**Aim of the task**
Although the listing contains pictures, reproduce only its text, exactly as written.

**Data segment**
Content starts

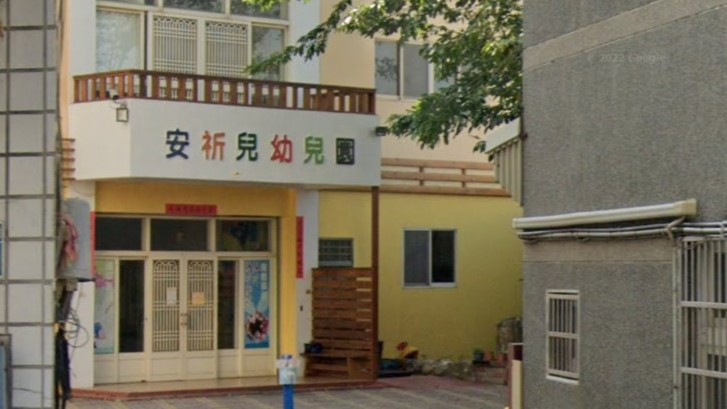 彰化縣私立安祈兒幼兒園
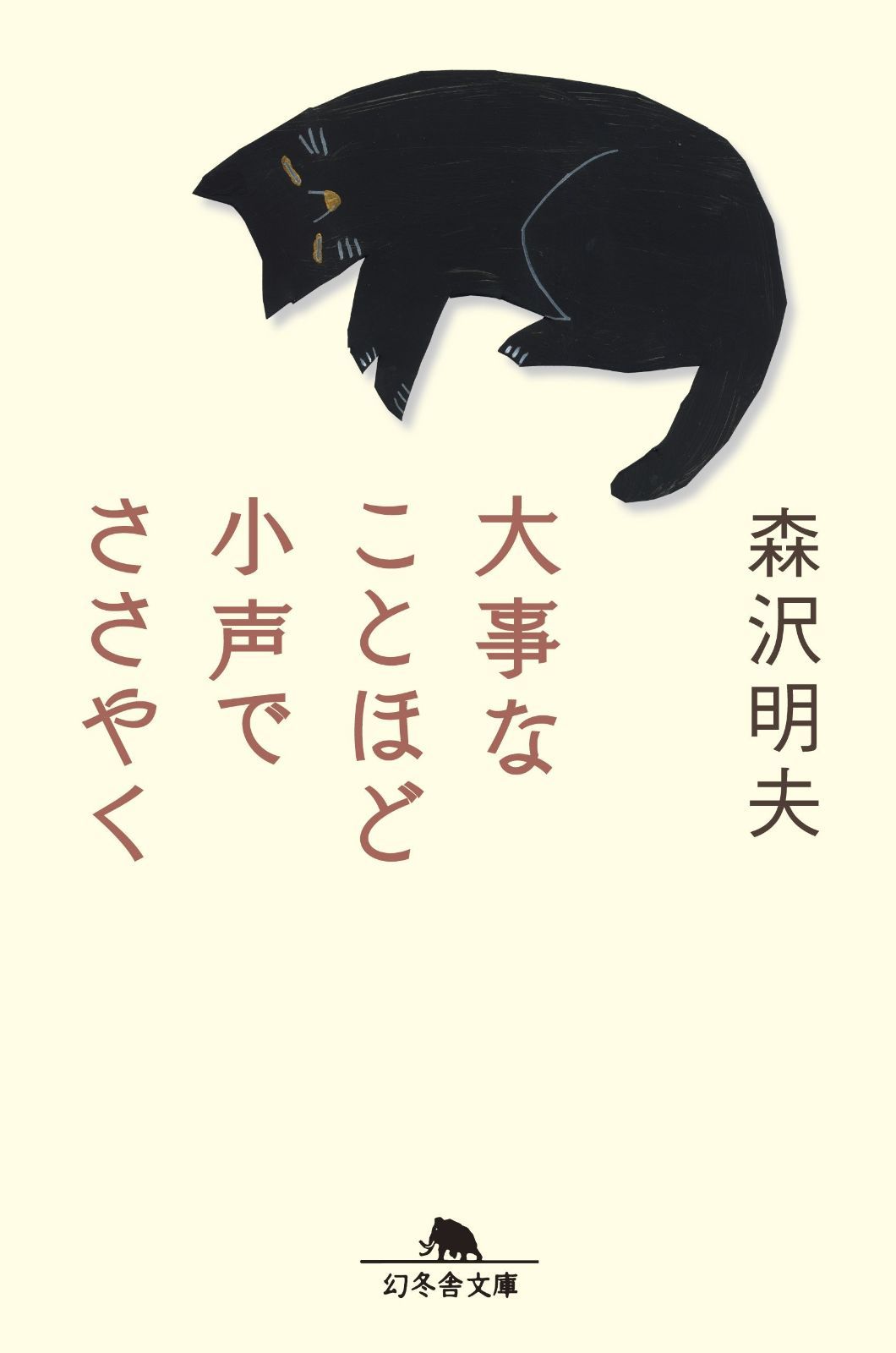 1988年 鶴岡善久『アンリ・ミショー画集』沖積舎 UVRES メルカリ
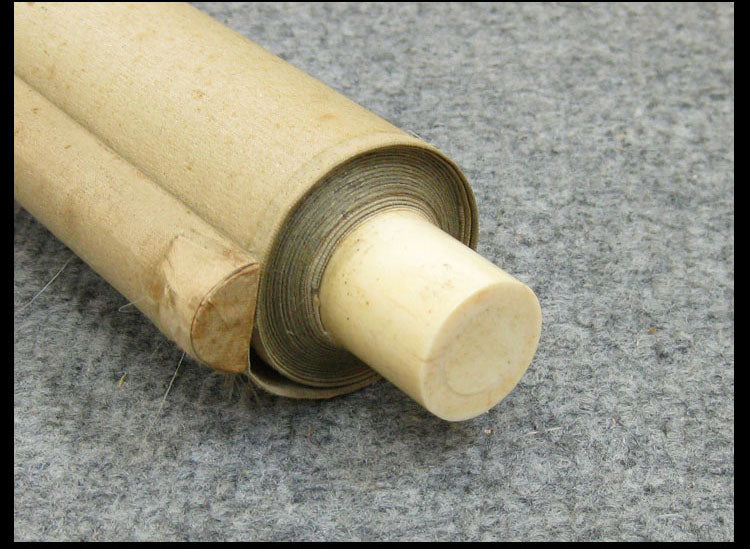 6. Unknown, sealed 雲仙 Unzen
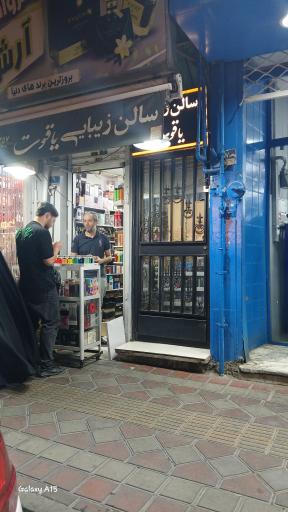 عکس سالن زیبایی یاقوت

Content ends

**Exercise result**
 彰化縣私立安祈兒幼兒園
 1988年 鶴岡善久『アンリ・ミショー画集』沖積舎 UVRES メルカリ
 6. Unknown, sealed 雲仙 Unzen
 عکس سالن زیبایی یاقوت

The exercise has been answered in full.